Even then, the lead didn’t hold, but playing the full 60 minutes allowed CJ Foley to score with less than a minute on the clock and less than a minute after Jaxson Ezman tied the game at 4-4, and for the first time this season, a three-point product stayed in New Hampshire by defeating an opponent that swept Dartmouth last season.
“Teams like Harvard, Quinnipiac, and Princeton are exceptional hockey teams,” Cashman said. “Princeton’s roster is really good right now, and to get points in all of those games means a lot for our growth. If we want to have any chance to climb up the ECAC standings, you have to take points on the weekend, especially at home. And we did that with three really good opponents.”
Understanding what that means to the program is a big lift at a time when fans are streaming back into college hockey arenas. Thompson Arena was filled to nearly 75 percent for the Princeton game on Saturday after the Friday night tie, but the weekend itself gave the Big Green their best weekend against the league’s southern contingent since they swept both teams at home at the end of Feb. 2015.
Point structures aside, it’s a mega step for Cashman’s crew, which now sits next to Cornell in the league standings ahead of Friday night’s game in Ithaca, a game that’s all of a sudden become a sneaky big game for the first half of the year. Both teams are tied with six points, but the two-point differential over Quinnipiac and Brown won’t clinch much until the season really ramps up. That said, points this weekend could set a pace for the rest of the year with an unlikely breakout team leading the charge behind a system that’s starting to bring it closer together.

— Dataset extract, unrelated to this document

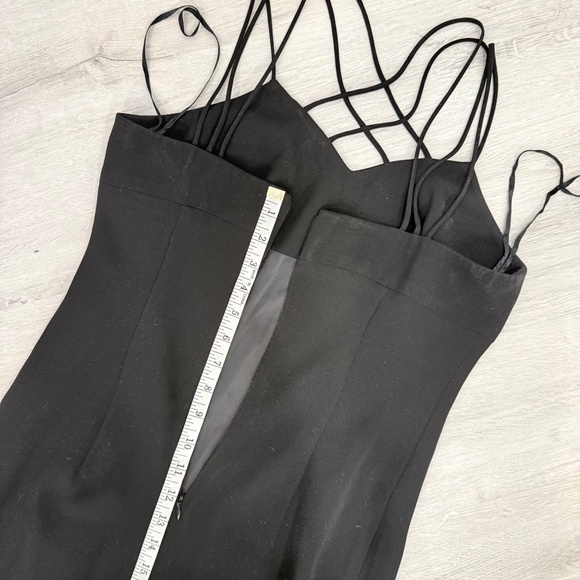 Evan-Picone Vintage Strappy Black Evening Dress Size 4 - Picture 15 of 15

“Winning’s a big part of getting fans into our team,” Cashman said, “but now we have to do our job. I know this community is strong. The history of hockey support is extremely strong and the better product we can put on the ice, the more we can enjoy those crowds at Thompson Arena.
“Heading to Cornell this weekend was always a lot of fun for me. I’ve always enjoyed it as a coach, and it’ll be exciting for us to get on a bus on Thursday and head that way to play a top-10 team [to start the weekend].”
Dartmouth and Cornell drop the puck at 7 p.m. on Friday night with Saturday night’s game at Colgate also set for a 7 p.m. faceoff.